Per Monsignor Vecchi, vescovo vicario di Bologna, la preghiera dei manifestanti del Comitato Palestina sul Crescentone «è stata una sfida al nostro sistema democratico e culturale». Vecchi, che negli anni scorsi ha sempre espresso posizioni islamofobe, individua una regia occulta nelle iniziative di sabato nelle città italiane per esprimere solidarietà al popolo di Gaza. «La piazza come strumento di pressione. La religione è stata strumentalizzata». Di strumentalizzazione ha parlato anche la Lega Nord di Bologna, nella nota emessa ieri, dopo la segreteria provinciale. «E’ bastato un pretesto», scrive la Lega, «per scatenare le organizzazioni musulmane e portarle all’occupazione delle piazze e dei nostri simboli religiosi e istituzionali come è Piazza Maggiore».
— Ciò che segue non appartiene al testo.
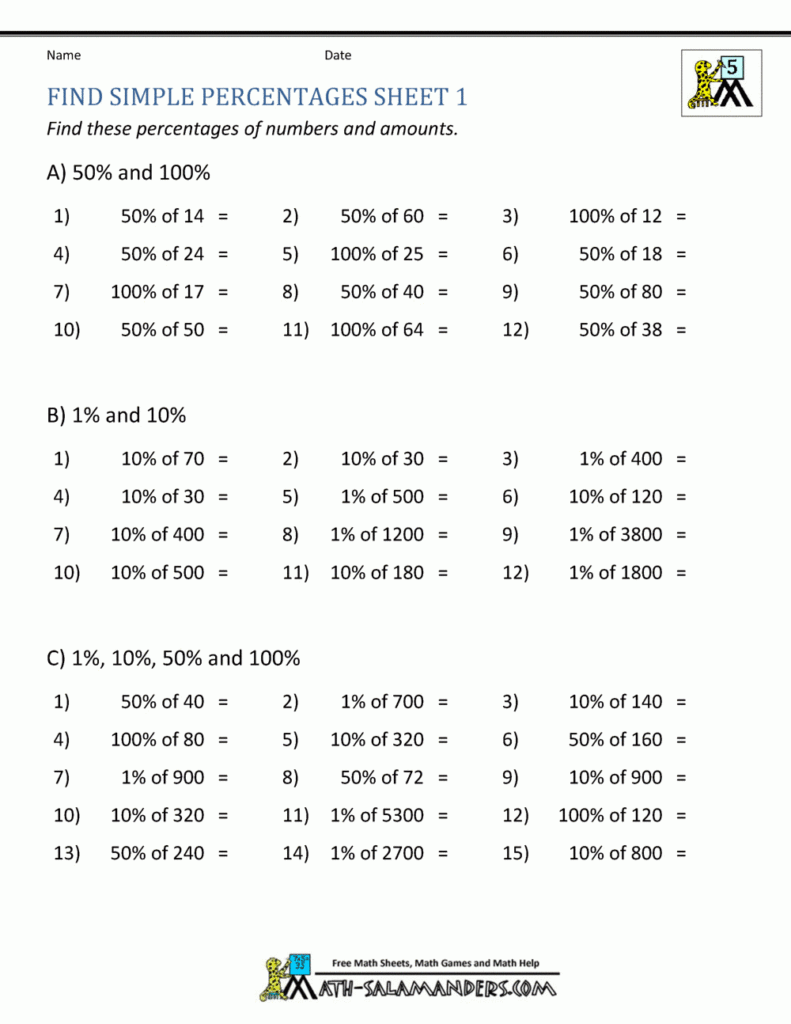 Finding Percentage Worksheets Db excel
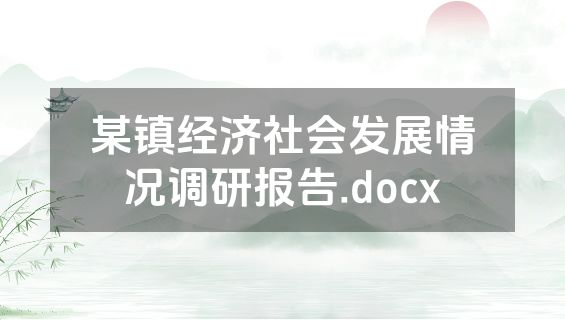 某镇经济社会发展情况调研报告.docx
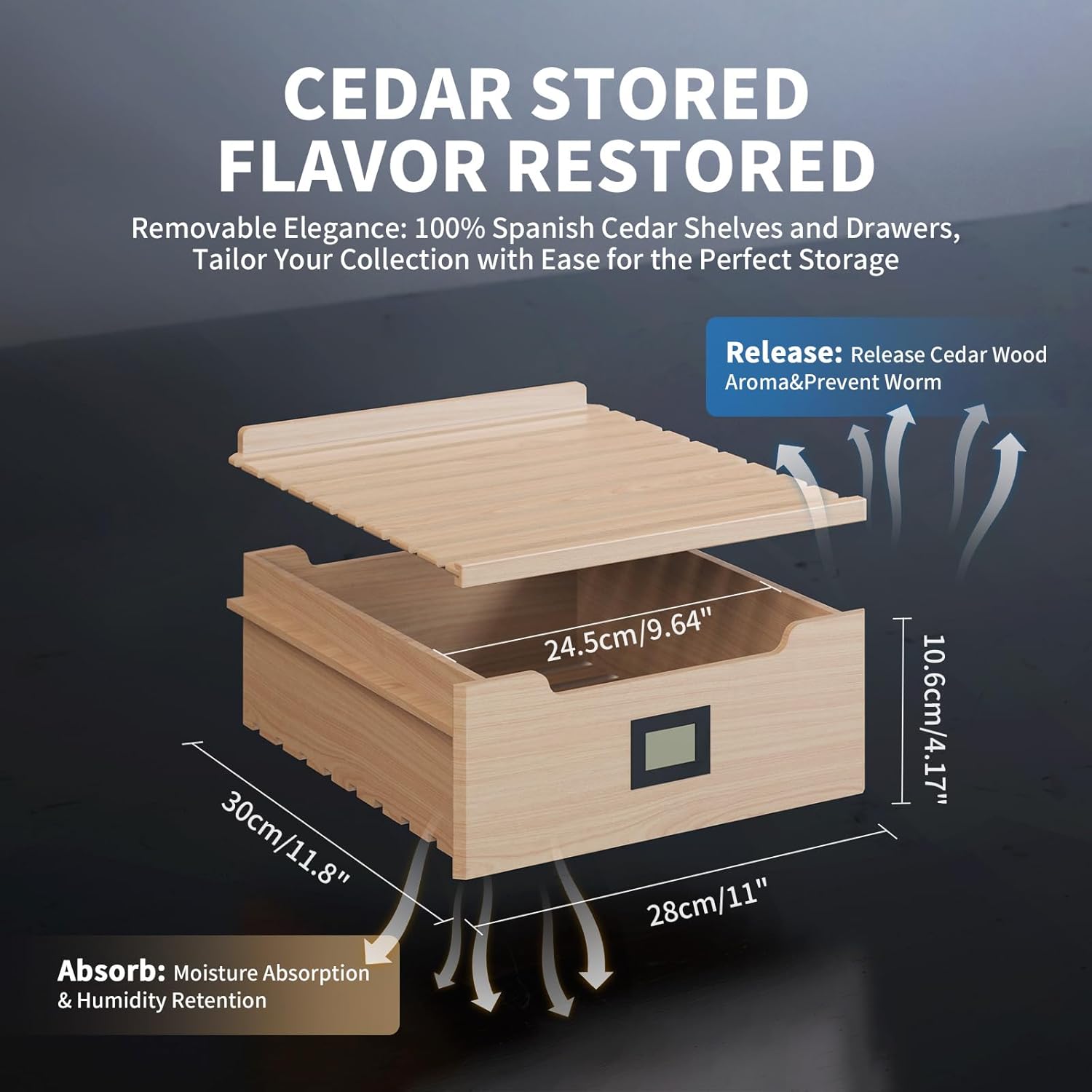 ThermoCigar 48L Cigar Humidor with Heating & Cooling, Cedar Wood, Digital Hygrometer, Quiet Electric Cooler for 350 Cigars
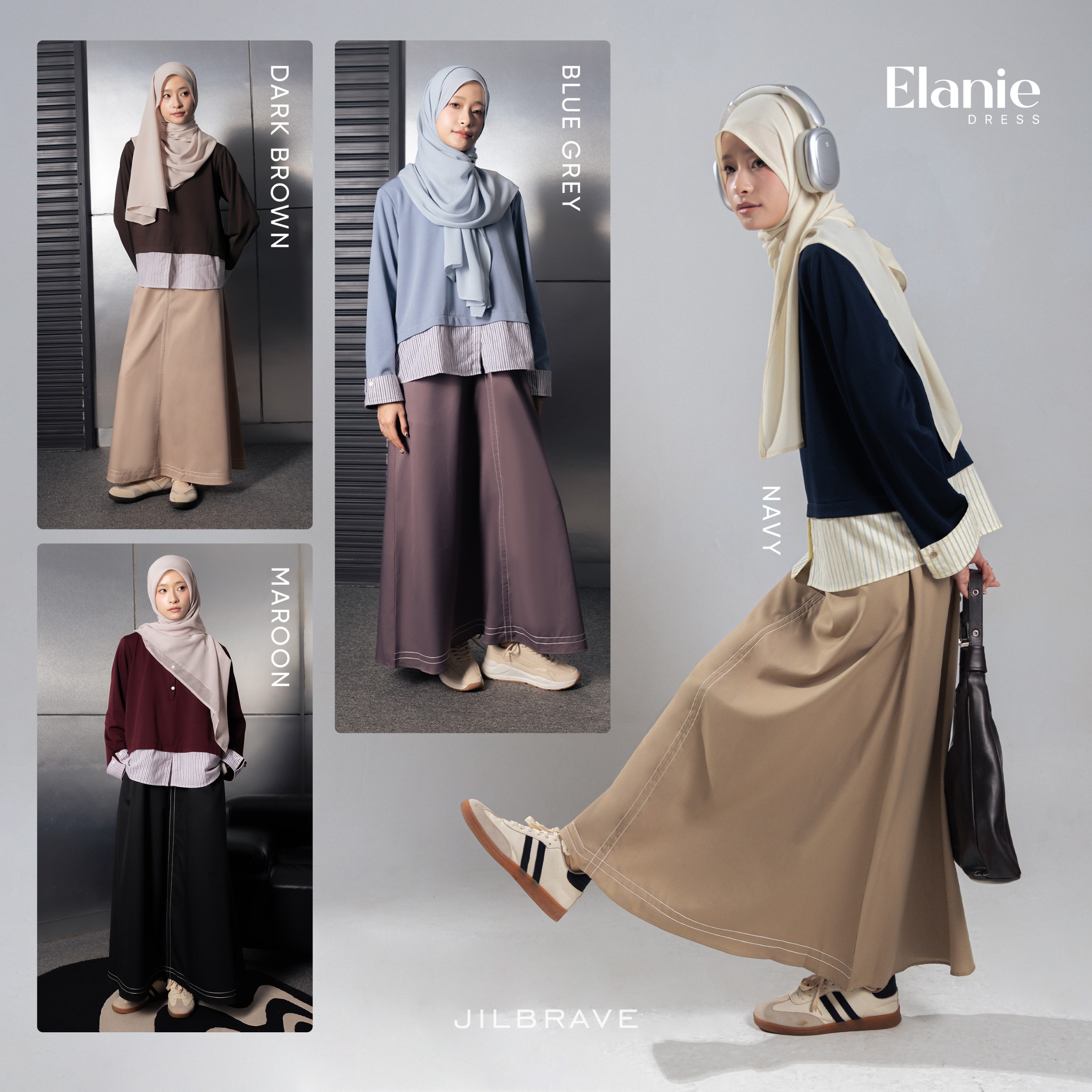 Elanie Dress 2 in 1 Set Outer Cardigan Gamis Wanita Casual Daily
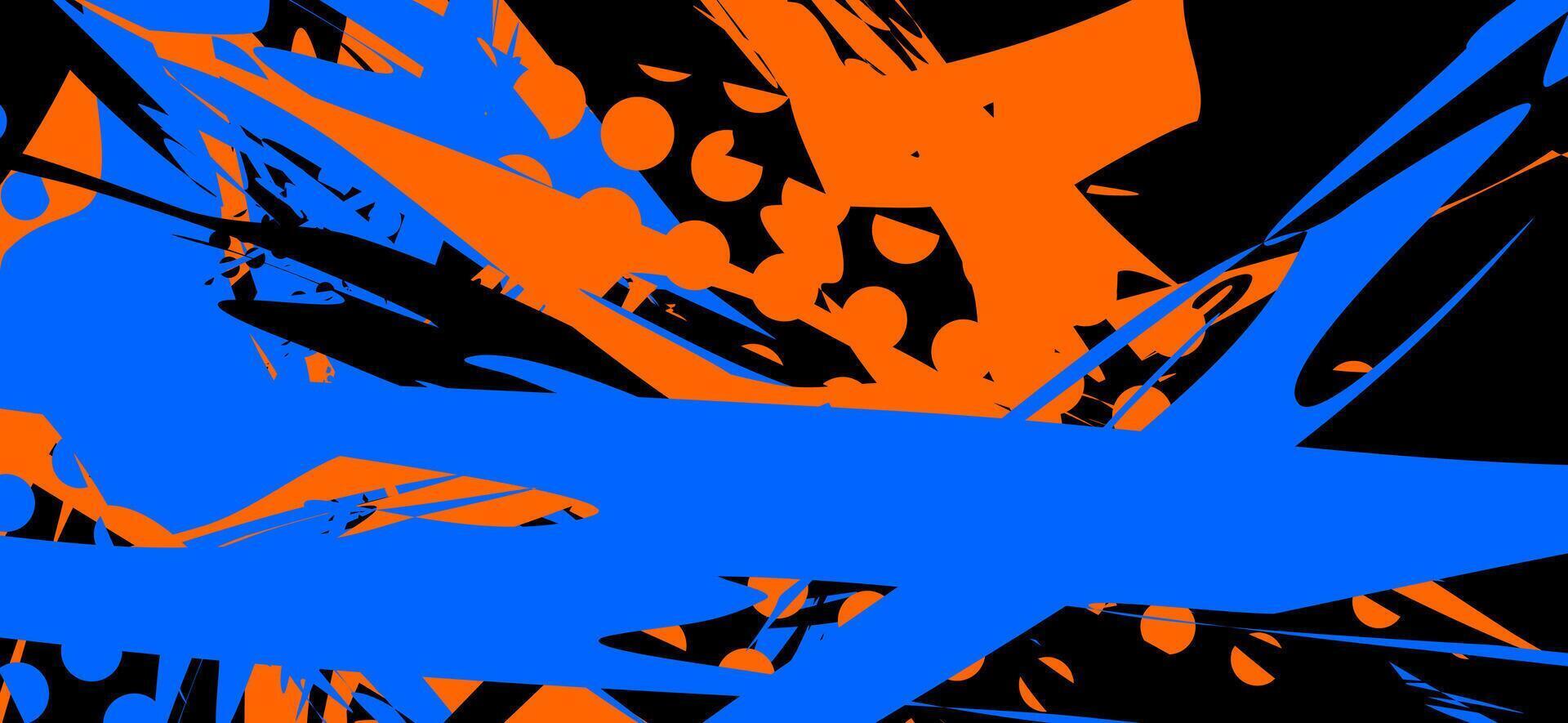Abstract blue, orange, and black brushstrokes and circles on a dark background. vector
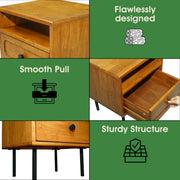 Solid Wood Single-Drawer Nightstand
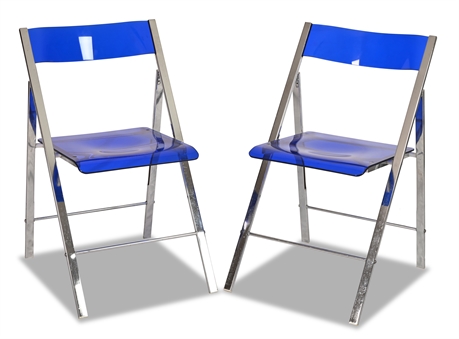 Pair Blue Acrylic Folding Chairs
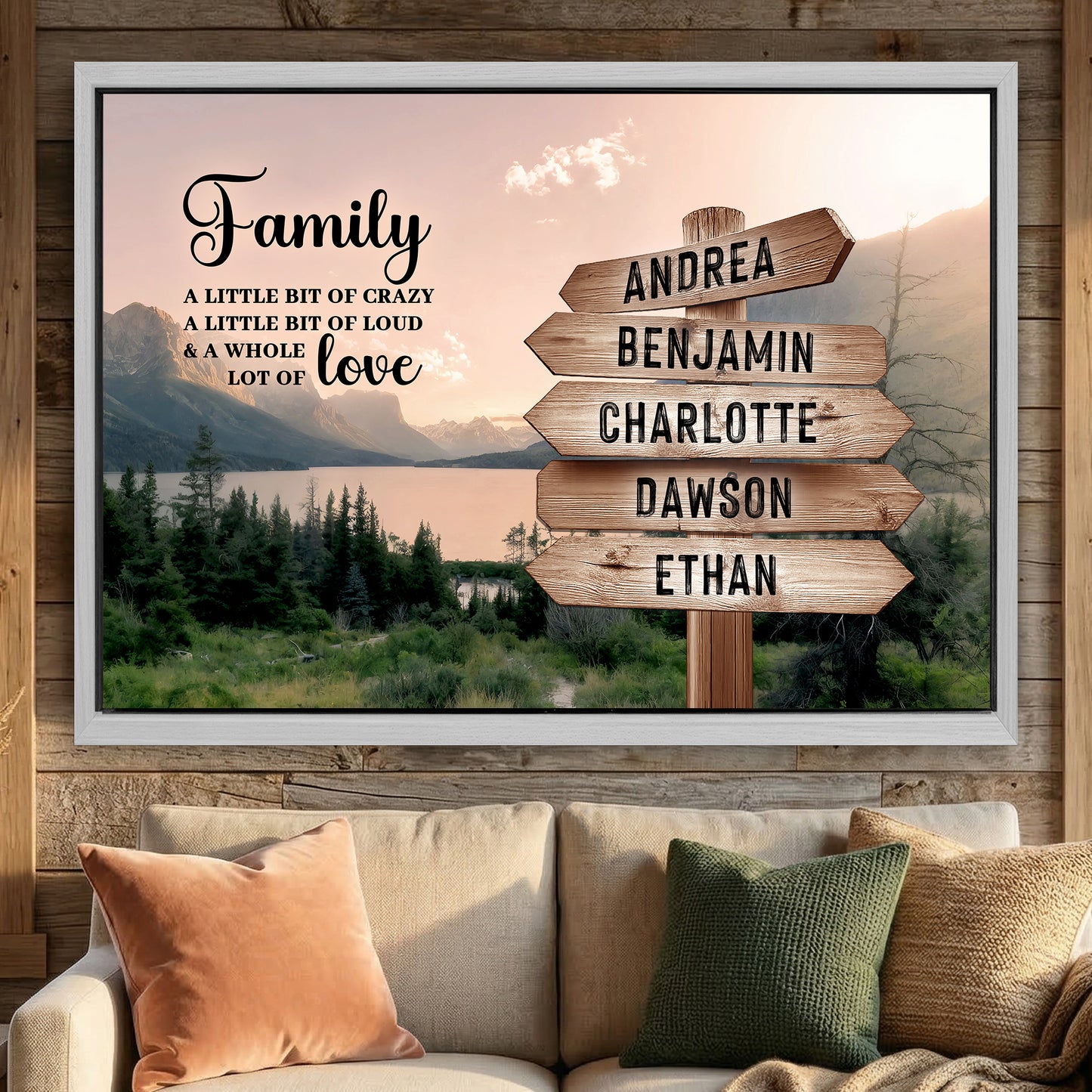 Family Whole Lot Of Love Mountain Wall Sign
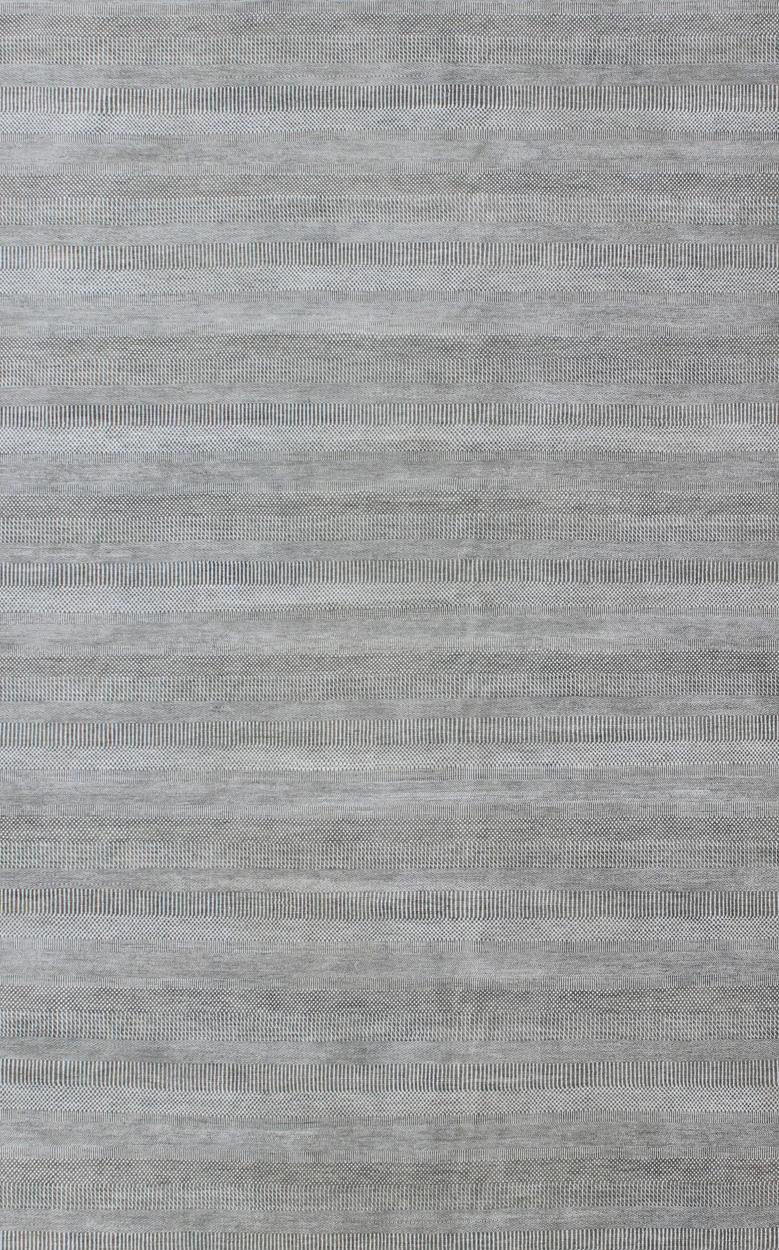 Großer moderner Teppich mit Übergangsmuster in Grau und Elfenbein (Indisch) im Angebot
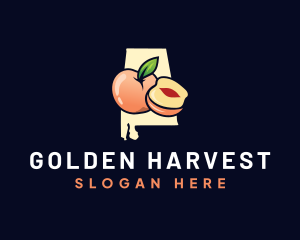 Peach Fruit Alabama logo design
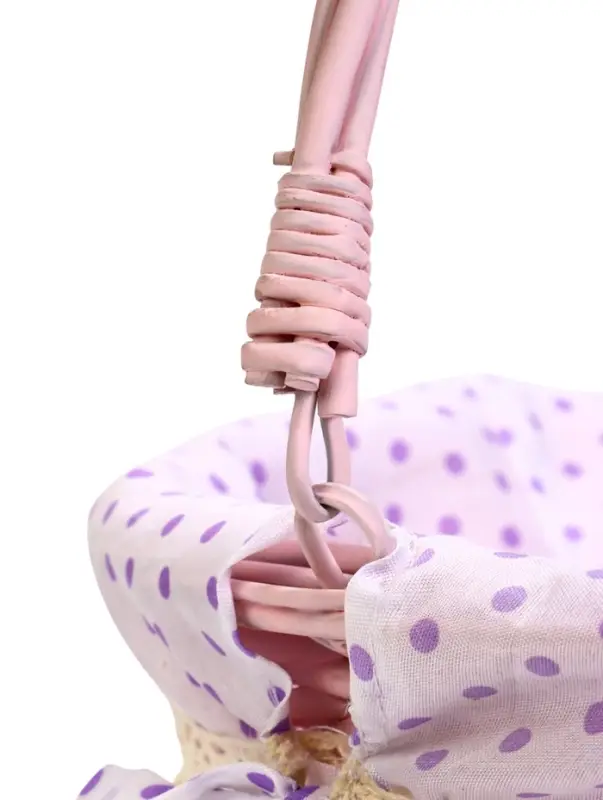 Корзина плетеная 32 х 32 х 14 см, ручка h=14 см розовый  ткань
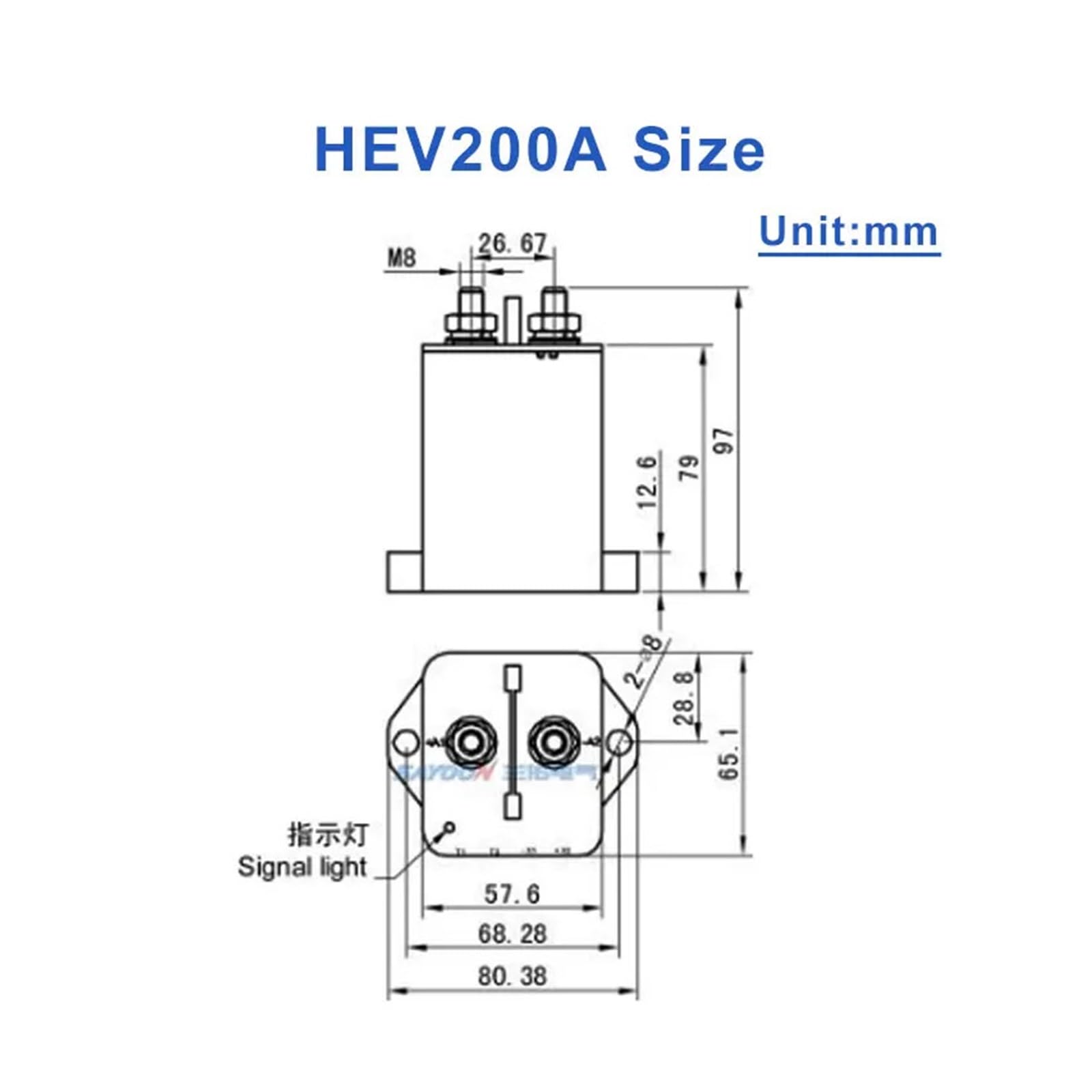 Contactor de CC de alto voltaje HEV200A, relé de potencia de voltaje de carga de 1000 V, 12 V, 24 V, 36 V, 48 V, 60 V, 72 V, 84 V y 120 V(48V,1NC)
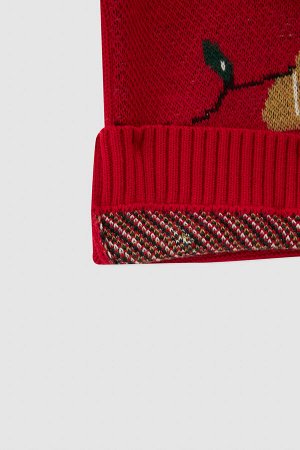 Рождественский вязаный свитер с круглым вырезом для девочек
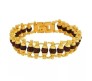 Gold Plated 5 Mukhi Modern Rudraksha Bracelet Chain Wrist Rudraksha Bead Raskshabandhan Rakhi Protection For Unisex Adult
Da via Altabella, a parte l’intervista di Monsignor Vecchi, non ci sono state altre prese di posizione.

Non è mancata invece la replica di Daniele Parracino, vicepresidente del centro di cultura islamica di Bologna: «macche’ “occupare San Petronio o islamizzare l’Europa “. In quanto alto esponente della Chiesa cattolica, Vecchi ha risonanza, ma bisogna andare al problema vero e cioe’ che il massacro continua con vittime innocenti da una parte e dall’altra». Nessuna sfida all’Occidente, quindi, nel pregare Allah in piazza Maggiore. Per quanto riguarda il proseguire delle mobilitazioni, Parracino non parla di iniziative simili a quella di sabato al momento in cantiere. Ma se sindacati, associazioni e altri soggetti decideranno di dar vita a nuovi appuntamenti assicura di essere pronto ad appoggiarli.